- [PROVIDED DATA]:
^^^^^^^^^^^^^^^^

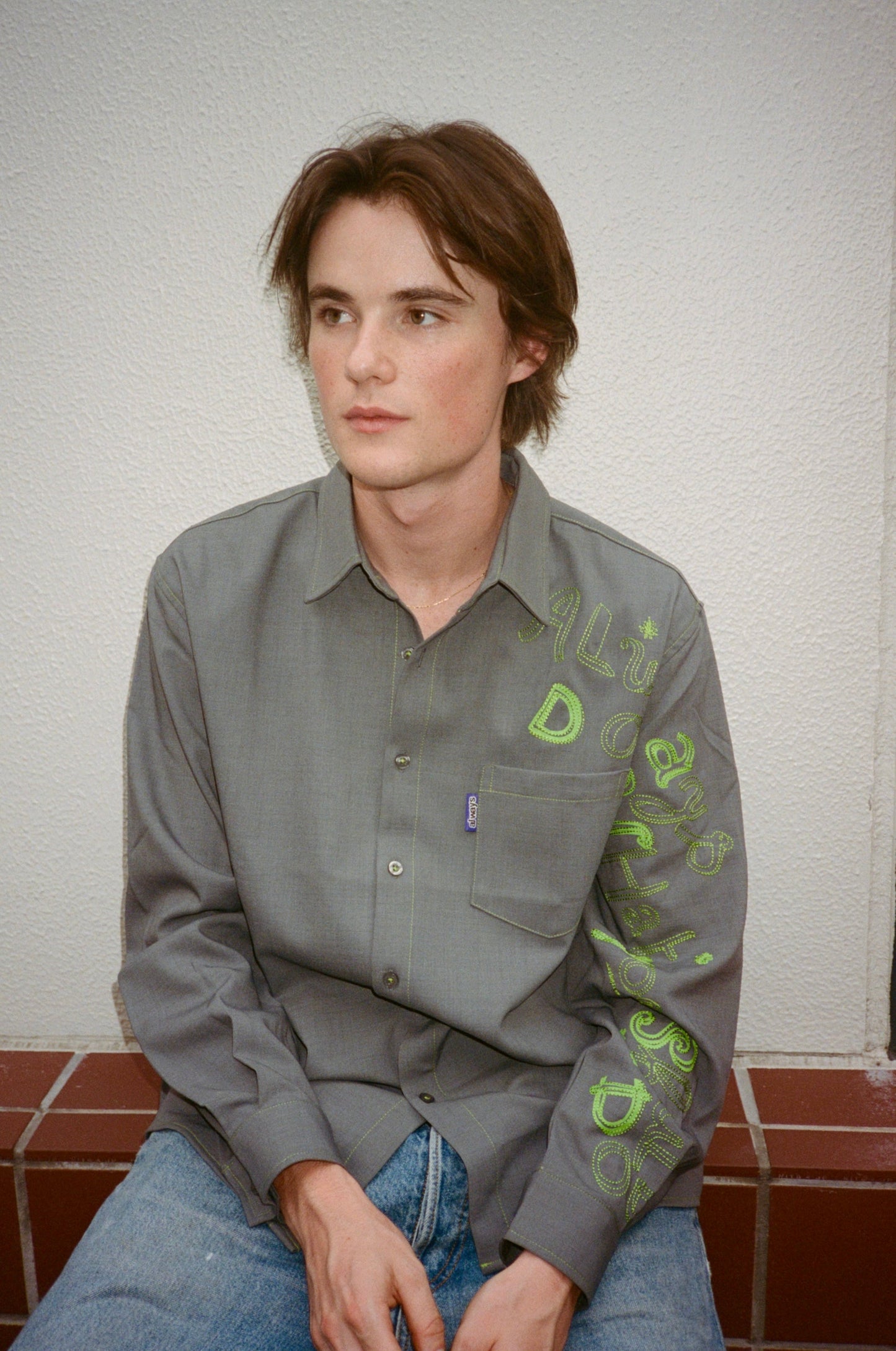 school disco long sleeve shirt - dark grey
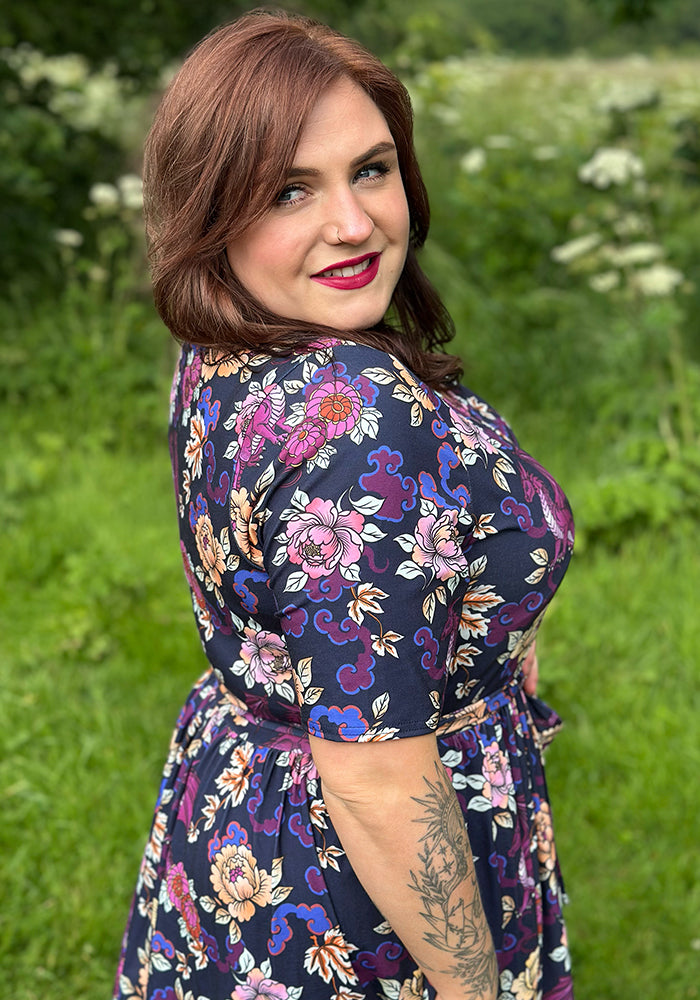 Amber Ornate Dragon Print Midi Dress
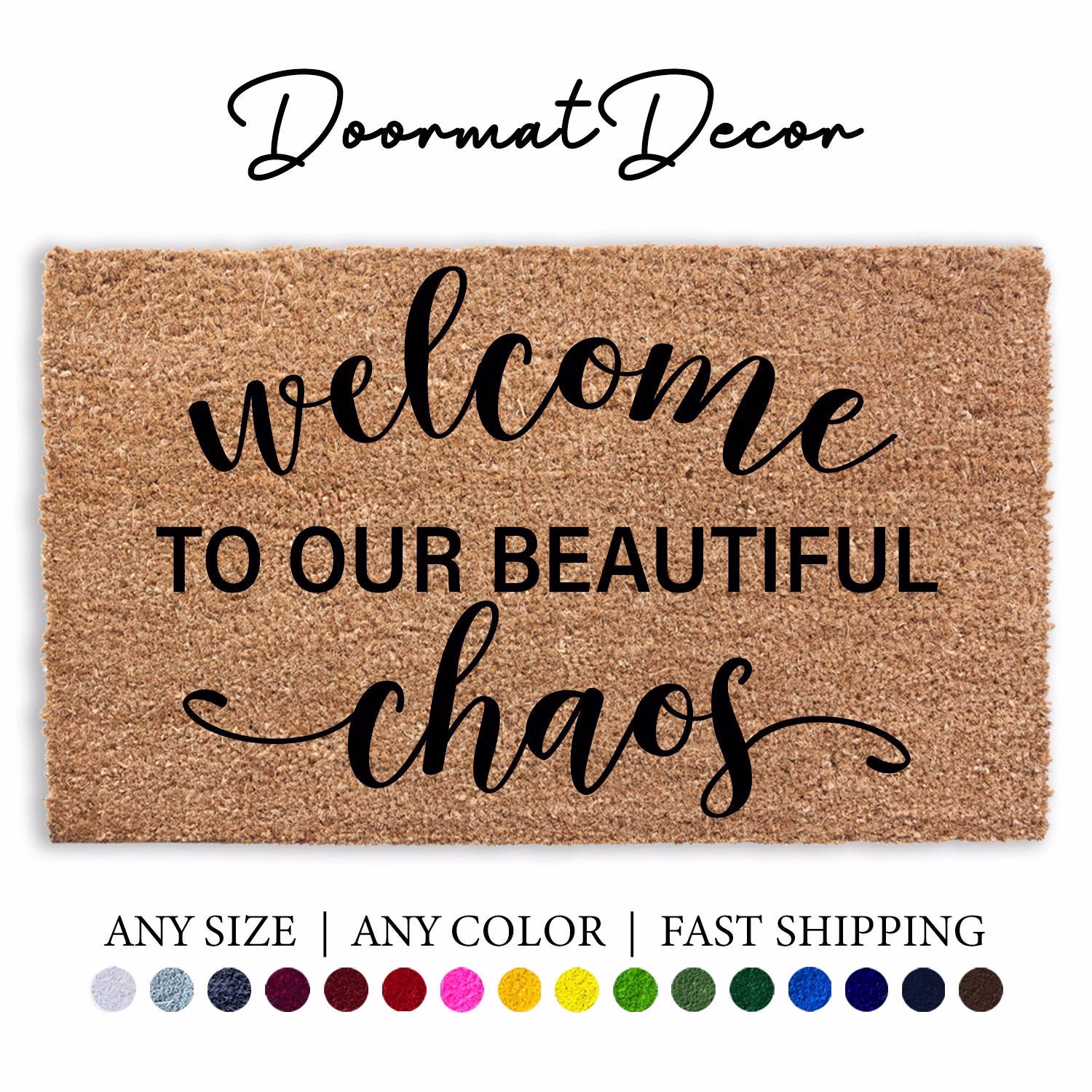 Welcome To Our Beautiful Chaos Doormat, Funny Outdoor Mat, Custom Personalized Door Rug Gift, Entryway Decor, Wedding Engagement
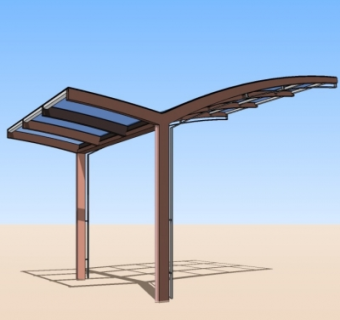 现代雨棚su模型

^^^^^^^^^^^^^^^^

The copy must match the listing above exactly, except that it holds no pictures.

- [YOUR SOLUTION]:
 school disco long sleeve shirt - dark grey
 Amber Ornate Dragon Print Midi Dress
 Welcome To Our Beautiful Chaos Doormat, Funny Outdoor Mat, Custom Personalized Door Rug Gift, Entryway Decor, Wedding Engagement
 现代雨棚su模型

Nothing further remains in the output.